Esperanza Sánchez Espitia
Colombia / Regina

In 2021, Cecilia Araneda spoke with Esperanza Sánchez Espitia as part of a multi-year curatorial research project on Latin Canadian cinema. This is a brief extract of her research.

Esperanza Sánchez Espitia is a Colombian-Canadian filmmaker and multidisciplinary visual artist who came to Canada as a political refugee. She holds a BFA in Journalism, Media, and Television from INPAHU in Colombia. Sánchez spent 18 years engaged in self-financed research work in Colombia documenting the life and cultural practices of 84 Indigenous communities in Colombia, creating a body of work to contribute to the protection of cultural knowledge. This work, however, made Sánchez a political target and resulted in her needing to escape the country. Sánchez’s photographic work has been exhibited in Canada, South Africa, Geneva, New York, Paris, and the USA, among other countries. She is currently enrolled in the University of Regina’s film production MFA program.

Research Notes

“In Colombia, you either live very well, or you live violently”

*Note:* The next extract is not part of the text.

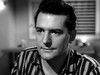 A black-and-white close-up of a man in a striped shirt looking thoughtfully off-camera, as if reflecting on the Kiss Her Goodbye (1959) DVD.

When I asked Esperanza Sánchez Espitia to comment on how Colombian-Canadian filmmaker Pablo Álvarez-Mesa had described life in Colombia to me, this broke everything open.

Until that moment, all I knew about Sánchez was from the very brief introduction she had given in an online workshop on DIY darkroom practices given by Lightproof Collective in January 2021. She was not on my original list of Latin-Canadian filmmakers to interview and she does not yet have a body of work. However, for this project I was very interested in learning more about filmmakers who live outside of the Toronto/Montreal corridor, and so I was finally able to follow up with her several months later just as I was finishing up this project.

To be frank, most of the Latin Canadian filmmakers I’ve met through this project come from varying degrees of wealth, at least by continental standards. Several even come from oligarchical families – known in Latin America as the elite. Understanding the social class to which a Latin Canadian filmmaker belongs is important context to understanding Latin Canadian cinema, for what it represents in comparison to what it is perceived to represent, as there can at times be a dichotomy between these two things.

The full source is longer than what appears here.